INSTRUCTIONS FOR THE TASK: Only these lines of the data below are wanted: the one with "Television icon eyes", the one with "getting corny in the cornfield", and any lines between them, each repeated exactly.

[Brief descriptive captions]
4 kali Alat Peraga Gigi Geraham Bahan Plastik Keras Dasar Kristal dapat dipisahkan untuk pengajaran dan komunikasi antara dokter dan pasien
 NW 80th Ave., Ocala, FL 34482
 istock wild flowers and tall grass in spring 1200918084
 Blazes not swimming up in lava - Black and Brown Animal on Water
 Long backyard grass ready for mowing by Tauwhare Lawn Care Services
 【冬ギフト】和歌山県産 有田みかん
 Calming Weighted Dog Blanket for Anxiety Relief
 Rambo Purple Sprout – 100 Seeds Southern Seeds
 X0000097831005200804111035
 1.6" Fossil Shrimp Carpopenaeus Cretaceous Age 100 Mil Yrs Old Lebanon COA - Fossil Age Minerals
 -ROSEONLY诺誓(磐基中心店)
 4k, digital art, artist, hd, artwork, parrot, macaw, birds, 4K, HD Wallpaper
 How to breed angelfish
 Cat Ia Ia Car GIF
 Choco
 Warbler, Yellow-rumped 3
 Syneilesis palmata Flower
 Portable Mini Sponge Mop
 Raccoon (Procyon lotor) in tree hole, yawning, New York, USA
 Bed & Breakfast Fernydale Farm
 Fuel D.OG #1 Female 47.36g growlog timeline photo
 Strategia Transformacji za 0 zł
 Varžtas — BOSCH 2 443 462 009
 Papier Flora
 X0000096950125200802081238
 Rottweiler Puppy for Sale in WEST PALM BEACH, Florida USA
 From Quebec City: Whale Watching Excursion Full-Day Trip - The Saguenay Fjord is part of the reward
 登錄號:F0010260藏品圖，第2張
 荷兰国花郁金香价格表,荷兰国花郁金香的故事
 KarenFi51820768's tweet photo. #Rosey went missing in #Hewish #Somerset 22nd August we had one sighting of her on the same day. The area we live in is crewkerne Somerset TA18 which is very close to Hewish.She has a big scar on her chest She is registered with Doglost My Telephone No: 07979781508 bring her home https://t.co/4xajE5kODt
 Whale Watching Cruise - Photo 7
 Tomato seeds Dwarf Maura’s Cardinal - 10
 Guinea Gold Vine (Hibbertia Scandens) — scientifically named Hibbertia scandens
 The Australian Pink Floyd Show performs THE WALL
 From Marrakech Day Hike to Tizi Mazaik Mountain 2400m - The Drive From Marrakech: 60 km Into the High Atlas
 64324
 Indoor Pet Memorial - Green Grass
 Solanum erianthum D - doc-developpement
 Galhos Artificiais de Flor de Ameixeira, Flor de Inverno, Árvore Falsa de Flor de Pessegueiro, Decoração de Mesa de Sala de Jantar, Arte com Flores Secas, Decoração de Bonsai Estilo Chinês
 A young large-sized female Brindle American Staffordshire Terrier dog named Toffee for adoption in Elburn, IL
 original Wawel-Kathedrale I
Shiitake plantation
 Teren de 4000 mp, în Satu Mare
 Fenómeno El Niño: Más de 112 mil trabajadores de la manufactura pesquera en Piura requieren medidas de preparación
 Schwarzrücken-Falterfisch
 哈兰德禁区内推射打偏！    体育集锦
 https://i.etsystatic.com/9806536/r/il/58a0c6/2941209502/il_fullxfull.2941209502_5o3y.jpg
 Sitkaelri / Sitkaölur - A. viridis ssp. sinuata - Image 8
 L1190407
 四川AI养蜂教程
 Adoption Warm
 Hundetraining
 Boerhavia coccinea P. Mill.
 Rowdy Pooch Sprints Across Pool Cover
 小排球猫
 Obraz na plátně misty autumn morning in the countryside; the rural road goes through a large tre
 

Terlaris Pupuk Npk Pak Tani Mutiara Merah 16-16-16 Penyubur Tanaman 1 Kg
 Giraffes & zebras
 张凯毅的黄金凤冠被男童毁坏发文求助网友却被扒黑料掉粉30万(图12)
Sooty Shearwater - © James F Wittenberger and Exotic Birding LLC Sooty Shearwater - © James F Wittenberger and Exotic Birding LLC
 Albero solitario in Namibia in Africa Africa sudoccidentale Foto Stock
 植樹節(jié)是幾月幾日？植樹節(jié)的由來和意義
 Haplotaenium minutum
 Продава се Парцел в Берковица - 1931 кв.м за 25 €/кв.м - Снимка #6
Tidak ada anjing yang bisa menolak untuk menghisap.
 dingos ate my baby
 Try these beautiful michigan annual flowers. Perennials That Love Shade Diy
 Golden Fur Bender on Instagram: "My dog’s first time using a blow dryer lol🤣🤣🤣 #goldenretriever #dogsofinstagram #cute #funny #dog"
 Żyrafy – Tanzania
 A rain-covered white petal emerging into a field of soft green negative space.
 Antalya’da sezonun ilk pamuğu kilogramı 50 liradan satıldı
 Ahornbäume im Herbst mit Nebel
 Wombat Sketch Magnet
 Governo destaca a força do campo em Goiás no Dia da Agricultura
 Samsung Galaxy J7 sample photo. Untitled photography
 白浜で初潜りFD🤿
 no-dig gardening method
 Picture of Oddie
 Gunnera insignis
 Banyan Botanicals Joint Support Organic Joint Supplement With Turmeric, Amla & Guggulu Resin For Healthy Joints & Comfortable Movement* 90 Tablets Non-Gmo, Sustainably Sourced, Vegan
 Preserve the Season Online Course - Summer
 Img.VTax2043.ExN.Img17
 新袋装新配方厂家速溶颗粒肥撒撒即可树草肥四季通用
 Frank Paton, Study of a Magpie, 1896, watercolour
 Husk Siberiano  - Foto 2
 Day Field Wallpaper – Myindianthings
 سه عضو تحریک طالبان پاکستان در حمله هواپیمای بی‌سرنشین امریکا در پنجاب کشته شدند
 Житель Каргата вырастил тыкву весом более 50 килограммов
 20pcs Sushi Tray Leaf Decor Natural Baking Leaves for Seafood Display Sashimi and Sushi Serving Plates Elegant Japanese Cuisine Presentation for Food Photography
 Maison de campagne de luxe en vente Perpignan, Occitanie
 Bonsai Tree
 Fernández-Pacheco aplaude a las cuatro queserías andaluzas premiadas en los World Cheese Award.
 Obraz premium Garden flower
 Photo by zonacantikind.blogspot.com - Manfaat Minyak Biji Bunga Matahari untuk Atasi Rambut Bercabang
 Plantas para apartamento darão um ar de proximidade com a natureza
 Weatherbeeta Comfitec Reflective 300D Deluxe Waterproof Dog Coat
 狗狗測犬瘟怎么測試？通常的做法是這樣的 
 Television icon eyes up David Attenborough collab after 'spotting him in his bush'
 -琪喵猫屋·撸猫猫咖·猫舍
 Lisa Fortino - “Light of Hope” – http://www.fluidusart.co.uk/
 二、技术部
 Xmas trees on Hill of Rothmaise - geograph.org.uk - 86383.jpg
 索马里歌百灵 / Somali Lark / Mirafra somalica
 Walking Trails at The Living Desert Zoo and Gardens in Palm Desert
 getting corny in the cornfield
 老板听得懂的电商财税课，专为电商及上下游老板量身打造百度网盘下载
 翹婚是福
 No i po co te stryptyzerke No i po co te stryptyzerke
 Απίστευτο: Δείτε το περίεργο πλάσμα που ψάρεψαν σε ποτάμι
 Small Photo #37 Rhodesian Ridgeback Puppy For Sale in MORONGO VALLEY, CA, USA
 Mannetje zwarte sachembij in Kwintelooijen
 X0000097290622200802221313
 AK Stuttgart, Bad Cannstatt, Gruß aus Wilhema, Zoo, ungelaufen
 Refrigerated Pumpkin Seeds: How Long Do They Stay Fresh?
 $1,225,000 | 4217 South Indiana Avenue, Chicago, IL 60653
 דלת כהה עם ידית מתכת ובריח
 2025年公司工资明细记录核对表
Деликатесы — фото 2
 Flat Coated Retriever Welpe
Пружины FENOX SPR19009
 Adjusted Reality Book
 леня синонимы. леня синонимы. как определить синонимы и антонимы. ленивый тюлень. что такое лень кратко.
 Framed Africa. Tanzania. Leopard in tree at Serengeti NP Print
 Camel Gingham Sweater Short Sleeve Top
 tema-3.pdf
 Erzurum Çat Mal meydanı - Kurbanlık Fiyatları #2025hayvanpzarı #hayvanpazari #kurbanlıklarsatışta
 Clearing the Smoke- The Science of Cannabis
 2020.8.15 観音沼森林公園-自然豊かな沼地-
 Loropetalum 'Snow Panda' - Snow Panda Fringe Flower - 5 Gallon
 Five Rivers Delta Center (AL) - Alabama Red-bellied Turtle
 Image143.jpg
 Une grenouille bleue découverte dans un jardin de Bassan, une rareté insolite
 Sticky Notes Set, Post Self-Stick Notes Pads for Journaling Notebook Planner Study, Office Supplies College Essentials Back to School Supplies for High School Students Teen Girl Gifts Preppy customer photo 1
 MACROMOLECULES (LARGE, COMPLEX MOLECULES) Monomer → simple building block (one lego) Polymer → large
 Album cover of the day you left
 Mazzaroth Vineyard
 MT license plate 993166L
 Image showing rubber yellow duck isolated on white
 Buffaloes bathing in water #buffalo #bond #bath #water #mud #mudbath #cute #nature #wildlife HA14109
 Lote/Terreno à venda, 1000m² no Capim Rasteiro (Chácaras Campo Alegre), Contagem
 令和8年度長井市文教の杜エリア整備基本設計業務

RESPONSE TO THE TASK:
 Television icon eyes up David Attenborough collab after 'spotting him in his bush'
 -琪喵猫屋·撸猫猫咖·猫舍
 Lisa Fortino - “Light of Hope” – http://www.fluidusart.co.uk/
 二、技术部
 Xmas trees on Hill of Rothmaise - geograph.org.uk - 86383.jpg
 索马里歌百灵 / Somali Lark / Mirafra somalica
 Walking Trails at The Living Desert Zoo and Gardens in Palm Desert
 getting corny in the cornfield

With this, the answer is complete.